There was, therefore, a ‘joint stock’ held under trust and, although there was, in fact, no corporation, all the parties, for all practical purposes, acted as if there were one. Shares in ‘the company’ could be issued to the persons contributing property to the joint stock and each person would execute a covenant that he would perform and abide by the terms of the trust.

The difference between these unincorporated companies and partnerships was that the unincorporated companies enjoyed continuous existence with transmissible and transferable stock but, unlike partnerships, no individual associate could bind the other associates or deal with the assets of the association.

The ingenuity of the legal draftsmen in drawing up the trust deeds brought about a situation where groups of associating persons achieved corporate status for all practical purposes, so that, as Maitland was able to say: ... in truth and in deed we made corporations without troubling King or Parliament, though perhaps we said we were doing nothing of the kind ... and that the trust:
... in effect enabled men to form joint stock companies with limited liability, until at length the legislature had to give way.

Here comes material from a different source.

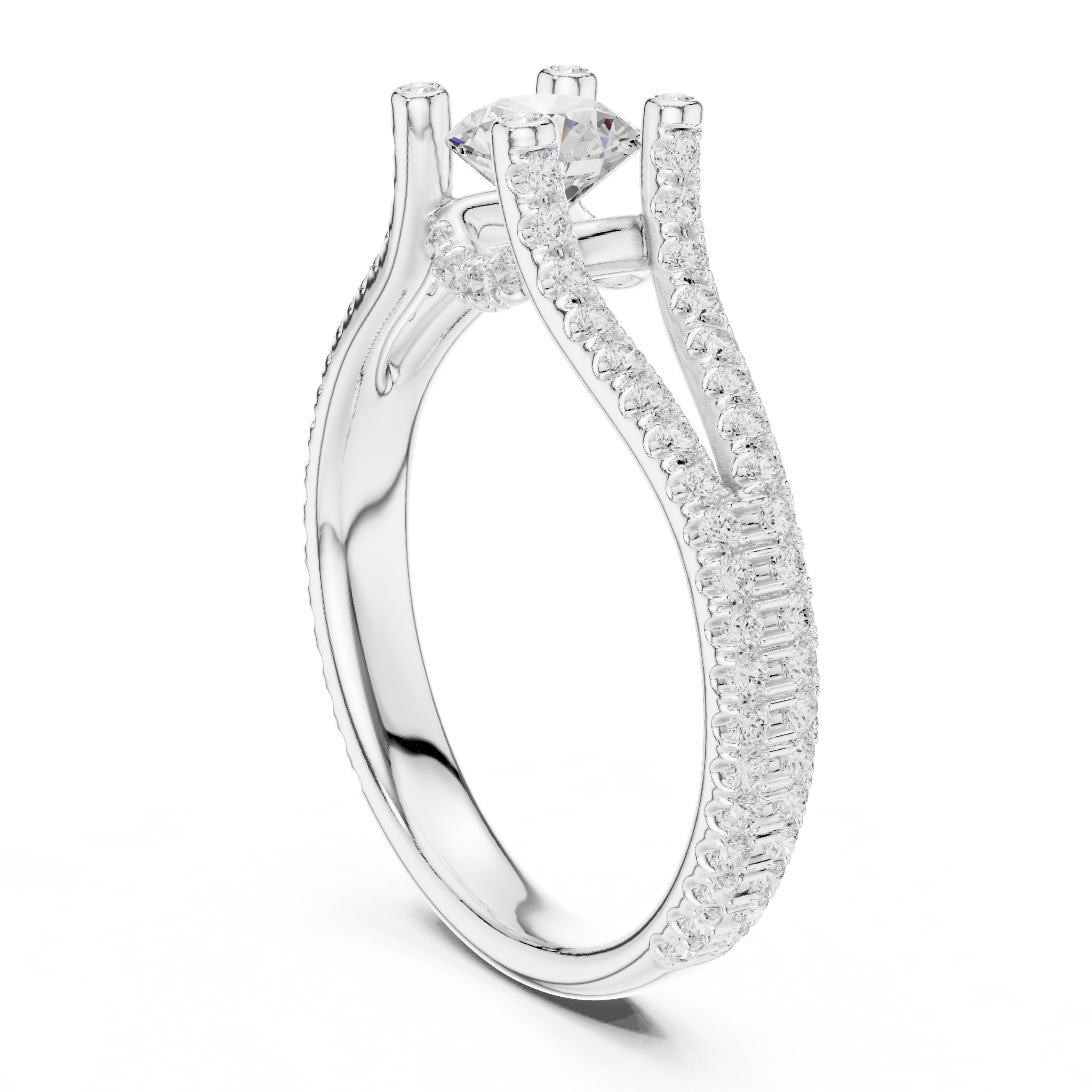 A brilliant round solitaire center stone and pav?-set diamonds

The legislature did give way in a major and significant way in the Joint Stock Companies Act 1844, which introduced, for the first time, albeit in a rather long winded form, the notion of the formation and incorporation of a company for a commercial purpose by the act of registration by a promoter.

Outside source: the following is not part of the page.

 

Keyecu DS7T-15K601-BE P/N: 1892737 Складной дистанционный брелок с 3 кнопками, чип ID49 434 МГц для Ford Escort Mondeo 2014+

No longer did would-be corporators have to obtain a royal charter or await the passing of an incorporating statute. Incorporation could be obtained by the administrative act of registration. The equivalent section in the 1985 Companies Act reads:

Any two or more persons associated for a lawful purpose may, by subscribing their names to a memorandum of association and otherwise complying with the requirements of this Act in respect of registration, form an incorporated company, with or without limited liability.

And, by s 13(3):
From the date of incorporation mentioned in the certificate, the subscribers of the memorandum, together with such other persons as may from time to time become members of the company, shall be a body corporate by the name contained in the memorandum.

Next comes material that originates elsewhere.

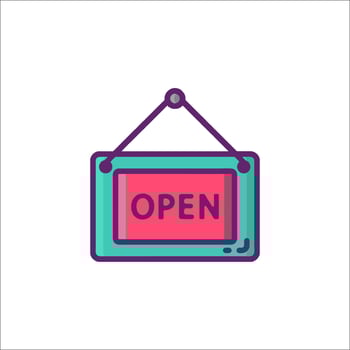 Open sign icon illustration vector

The act of registration creates the corporation. The drafting of these sections inherited from previous Companies Acts seems to imply that the body corporate is simply the aggregate of the subscribers and members and this is why, in the 19th century, a company is referred to in judgments as ‘they’ or ‘them’. This view is wholly superseded by the view that a company is separate from, and additional to, the members and is now always referred to as ‘it’.

The former view seems especially strange now that there is the possibility of companies being formed with a single member. Among the disadvantages of the old deed of settlement companies was the difficulty in suing and enforcing judgments against them, since they essentially remained large partnerships. But, from this very first statute introducing the notion of incorporation by registration, the option of continuing to carry on trade in the form of a large partnership was severely circumscribed to deal with this problem.

The 1844 Act required partnerships of more than 25 persons to register, thus compelling the use of the new form of business association. Thus, there is one readily identifiable legal persona, which can sue to enforce the rights of the business and which can be sued to be held accountable for the obligations of the business.

The present day successor to this provision is s 716 of the Companies Act 1985, and the number of partners has been reduced to 20. There are, however, express exceptions contained in the section, allowing, for instance, solicitors and accountants to practise in partnerships of unlimited size.